The woman was screaming and brandishing her paper cones like swords. The man barely looked at her. He was serving one and another customer, and from time to time he counted the remaining sweets.

As soon as I found out the cause of her impassioned monologue I opted to side with her. The woman paid the State for a license to sell a product in the street, and this bus stop was the point that she had chosen. That is, up until the arrival of the sweets vendor, who – as anyone could guess – had bought no license.

But immediately afterwards I decided that it was better not to judge, not to be on anyone’s side, but merely to listen during the time it took for the bus to come.

– “Yesterday I spend all day getting an electrocardiogram and I couldn’t go out to sell. Today you come here, and everyone buys from you. You go home early to be with your little woman, and I have to stay until I sell this because I have to pay the State, and you don’t. Get out of here! Get out!”

– “But they’re not giving out any more licenses. I want to get one and they’re not issuing them…”

The man responded in a very low voice, like a child who is afraid that the screams will draw the teacher’s attention. In this case, it was the police he was worried about.

A police presence was what the woman most deeply desired. Luckily for the man, they are fairly scarce around the bus stops.

– “But you’re selling popcorn.” (He again responded in a very quiet voice after selling another candy to a student.)

– “But if you’re here everyone is going to want sweets and not popcorn!”
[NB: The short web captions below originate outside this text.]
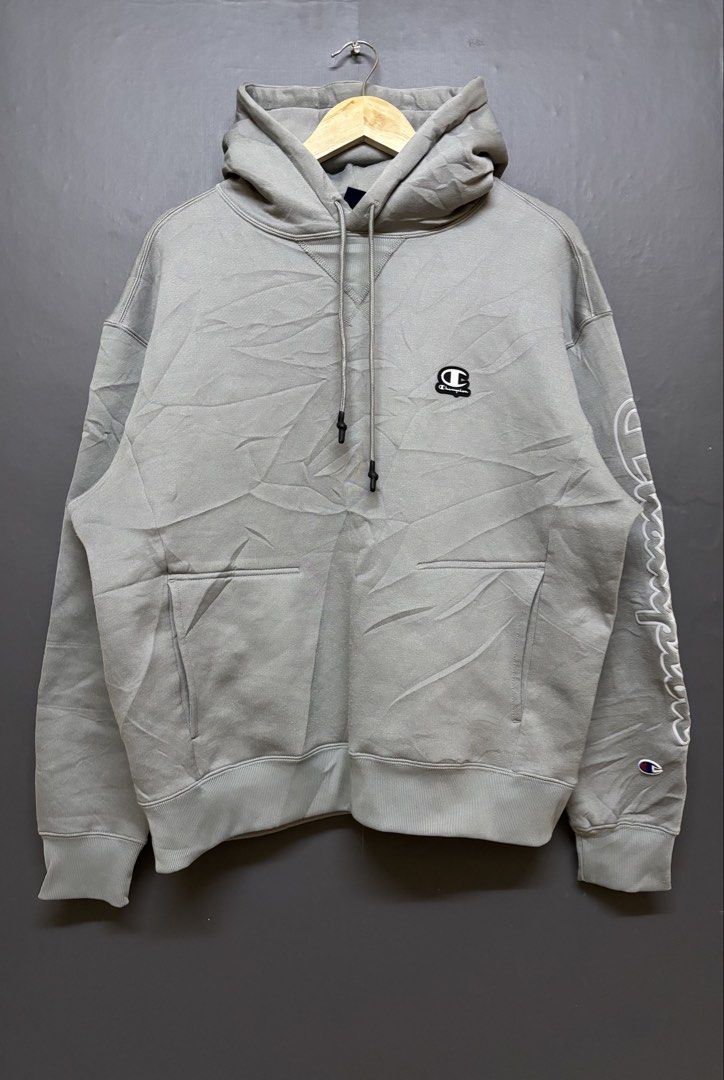 Champion Therma Fit (Category: Coats, Jackets and Outerwear) located in Cavite. Submitted by staythrifted.23 (Listing ID 1461112508, Image 1). Description: Size : Large on 🏷️ ( BOXY ) Dimes : Length 26 Width. 26 Sleeve lenght 24 Condition : Like new Color rate : 10/10 Washed and ready to wear Issue : None Loc. Cavite We ship nationwide Payment first.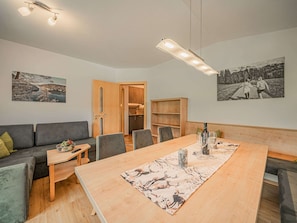 Living room - Apartment in Brixen Near Wilder Kaiser Gondola (Brixen im Thale)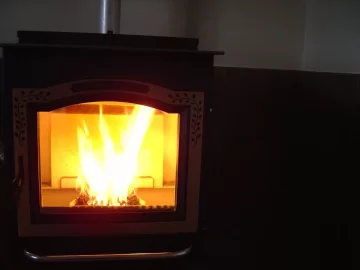 [Hearth.com] Photos of Pellet stoves at "full burn"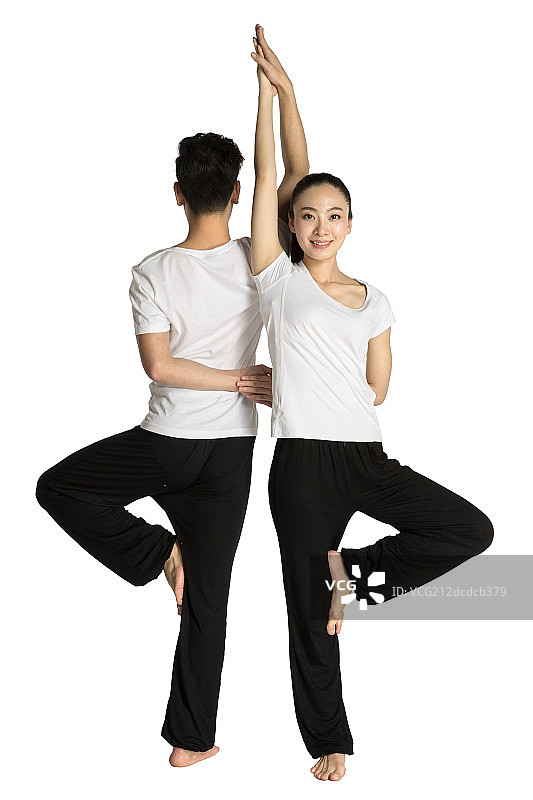 青年男女做瑜伽图片素材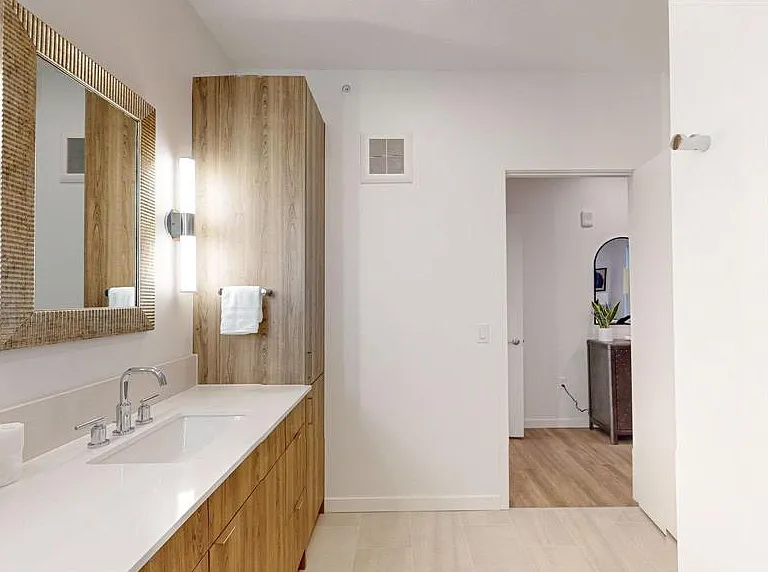 9 West Dr — Photo 34
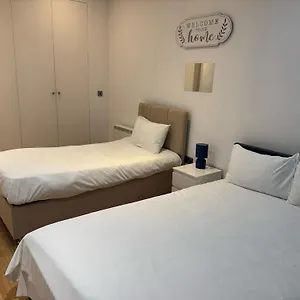 Maison d'hôtes Comfortable - Cosy - Budget In Center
The woman’s reasoning took the form of a menacing and desperate pleading. With the last of her screams a customer approached her, one of those cheerful people who so frequently appear wherever there is an unfortunate soul who is publicly and aggressively displaying their anguish.

– “Okay, don’t fight any more and sell me a popcorn.”

The vendor, absurdly indignant, turned her back and walked off, “punishing” him by forcing him to eat sweets if he wanted to eat something.

I imagine that the woman was a vendor no more for the rest of that day. Surely she went off to take some pill, saving the popcorn for the next day when she felt better; when she wouldn’t have to face the “competition” of the sweets’ seller. Stale popcorn. Popcorn packaged in paper loses its freshness in just a few hours.

That was the least of it. The sweets cost 1 peso, the popcorn 2. But that wasn’t the problem either.

Why was she so determined to be the only person selling at the bus stop. You can’t have two choices in the same place? Have we gotten used to things being this way?

At any rate I’ve seen similar fights for other strategic selling locations. It always brings out one of the worst characteristics of some Cubans: “they can’t live or let live,” or worse, some would prefer to lose an eye in order to see someone else go blind. And I’m not only talking about autonomous street vendors.

One thought on “A Spot for Selling

  • As long as scarcity remains in Cuba, people will fight over resources. Any resources. The only solution to these problems is development — which of course is very, very slow in coming under your political-economic conditions of low-intensity siege. My heart aches for you people, truly. You deserve better. We all deserve better. If only people didn’t have to struggle with each other to simply feed, clothe and house themselves.